Intercultural dialogue in Europe is both a priority and a sensitive issue to be addressed depending on the country concerned. It questions the relationship between Europeans and each other, but also between Europeans and the rest of the world.
European cohesion has been put to the test in recent years: the enlargement of Europe, the draft Constitution, the financial crisis, the migratory crisis, terrorism and now the health and soon the economic crisis.
These periods put “dialogue and interculturality” to the test, with reactions of rejection, exclusion, nationalist withdrawal or extremism.
What better place than the school to explore and express these issues?
It is understood that today's students represent the future of Europe.

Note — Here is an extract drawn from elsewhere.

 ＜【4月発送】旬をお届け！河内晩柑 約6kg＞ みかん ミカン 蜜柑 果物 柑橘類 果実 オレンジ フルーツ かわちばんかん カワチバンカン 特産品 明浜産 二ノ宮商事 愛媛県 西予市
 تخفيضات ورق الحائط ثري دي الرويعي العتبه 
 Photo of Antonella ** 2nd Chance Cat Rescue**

Many of them experience the issue of intercultural dialogue in a concrete way, often more acutely than their elders. In schools, the first social and cultural mechanisms on which pupils will build their values and behaviour are played out. It is often at school that children learn the alternative between expressing themselves through violence or eloquence.
Today, some young people are developing a capacity to take on issues that their elders have difficulty in understanding. The recent example of the debate on the ecological crisis and the questioning addressed by young people to their elders seems inspiring. We see it as a sign of the greater agility of Europe’s schoolchildren to carry the values of a more inclusive society!

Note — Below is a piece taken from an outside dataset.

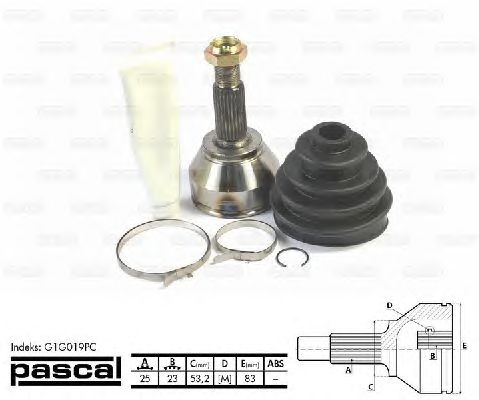 Комплект ШРУСов PASCAL G1G019PC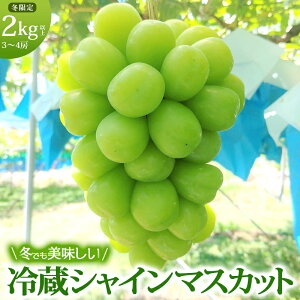 yӂ邳Ɣ[Łzy11E12zxR̗①VC}XJbg 2kgȏi3-4[j MB  YnzsGA聦 ʕ Ԃǂ uhE t[c @͂F2025N11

The situation of children in Germany, France, Italy and Portugal is very diverse. In some schools located in less privileged areas or with a large mix of pupils, many lack the reference points to define themselves or the Other. This ability is fundamental for integration in a society that sometimes judges young people on their oratory skills: in their studies, in their relationships with each other or with adults.
What proposal could emerge from this observation on interculturality and expression among children and young people? How can we put into action a project that brings into play both expression and interculturality? How to translate it into an approach aiming at giving European pupils and their teachers new pedagogical tools?
It is in this framework and with this objective that Oratio mix proposes to participate.